··· DATA FOR ANALYSIS ···

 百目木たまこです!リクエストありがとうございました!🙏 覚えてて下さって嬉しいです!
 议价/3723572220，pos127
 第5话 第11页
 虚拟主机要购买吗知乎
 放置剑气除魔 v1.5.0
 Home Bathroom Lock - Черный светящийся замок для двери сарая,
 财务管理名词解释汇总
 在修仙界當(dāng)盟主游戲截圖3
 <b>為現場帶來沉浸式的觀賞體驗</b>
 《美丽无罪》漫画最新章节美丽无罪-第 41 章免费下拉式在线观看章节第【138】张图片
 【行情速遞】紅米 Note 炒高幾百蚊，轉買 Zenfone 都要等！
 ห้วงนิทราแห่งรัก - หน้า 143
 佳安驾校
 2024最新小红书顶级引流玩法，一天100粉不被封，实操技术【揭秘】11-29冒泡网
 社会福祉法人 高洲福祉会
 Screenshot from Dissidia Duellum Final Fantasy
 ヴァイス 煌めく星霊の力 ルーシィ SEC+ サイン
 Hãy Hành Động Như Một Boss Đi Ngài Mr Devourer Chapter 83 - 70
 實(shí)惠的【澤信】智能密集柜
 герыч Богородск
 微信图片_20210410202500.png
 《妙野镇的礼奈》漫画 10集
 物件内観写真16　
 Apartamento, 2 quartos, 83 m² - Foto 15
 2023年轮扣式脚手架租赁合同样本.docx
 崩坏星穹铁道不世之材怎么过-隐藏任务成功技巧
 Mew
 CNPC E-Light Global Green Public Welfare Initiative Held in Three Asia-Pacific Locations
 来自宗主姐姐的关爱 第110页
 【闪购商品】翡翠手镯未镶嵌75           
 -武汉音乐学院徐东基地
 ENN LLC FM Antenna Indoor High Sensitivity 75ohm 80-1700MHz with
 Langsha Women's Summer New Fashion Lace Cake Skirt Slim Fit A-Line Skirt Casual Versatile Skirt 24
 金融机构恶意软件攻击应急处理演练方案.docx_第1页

···

**WHAT NEEDS TO BE DONE**
Each entry above must be retyped exactly.

**TASK RESPONSE**
 百目木たまこです!リクエストありがとうございました!🙏 覚えてて下さって嬉しいです!
 议价/3723572220，pos127
 第5话 第11页
 虚拟主机要购买吗知乎
 放置剑气除魔 v1.5.0
 Home Bathroom Lock - Черный светящийся замок для двери сарая,
 财务管理名词解释汇总
 在修仙界當(dāng)盟主游戲截圖3
 <b>為現場帶來沉浸式的觀賞體驗</b>
 《美丽无罪》漫画最新章节美丽无罪-第 41 章免费下拉式在线观看章节第【138】张图片
 【行情速遞】紅米 Note 炒高幾百蚊，轉買 Zenfone 都要等！
 ห้วงนิทราแห่งรัก - หน้า 143
 佳安驾校
 2024最新小红书顶级引流玩法，一天100粉不被封，实操技术【揭秘】11-29冒泡网
 社会福祉法人 高洲福祉会
 Screenshot from Dissidia Duellum Final Fantasy
 ヴァイス 煌めく星霊の力 ルーシィ SEC+ サイン
 Hãy Hành Động Như Một Boss Đi Ngài Mr Devourer Chapter 83 - 70
 實(shí)惠的【澤信】智能密集柜
 герыч Богородск
 微信图片_20210410202500.png
 《妙野镇的礼奈》漫画 10集
 物件内観写真16　
 Apartamento, 2 quartos, 83 m² - Foto 15
 2023年轮扣式脚手架租赁合同样本.docx
 崩坏星穹铁道不世之材怎么过-隐藏任务成功技巧
 Mew
 CNPC E-Light Global Green Public Welfare Initiative Held in Three Asia-Pacific Locations
 来自宗主姐姐的关爱 第110页
 【闪购商品】翡翠手镯未镶嵌75           
 -武汉音乐学院徐东基地
 ENN LLC FM Antenna Indoor High Sensitivity 75ohm 80-1700MHz with
 Langsha Women's Summer New Fashion Lace Cake Skirt Slim Fit A-Line Skirt Casual Versatile Skirt 24
 金融机构恶意软件攻击应急处理演练方案.docx_第1页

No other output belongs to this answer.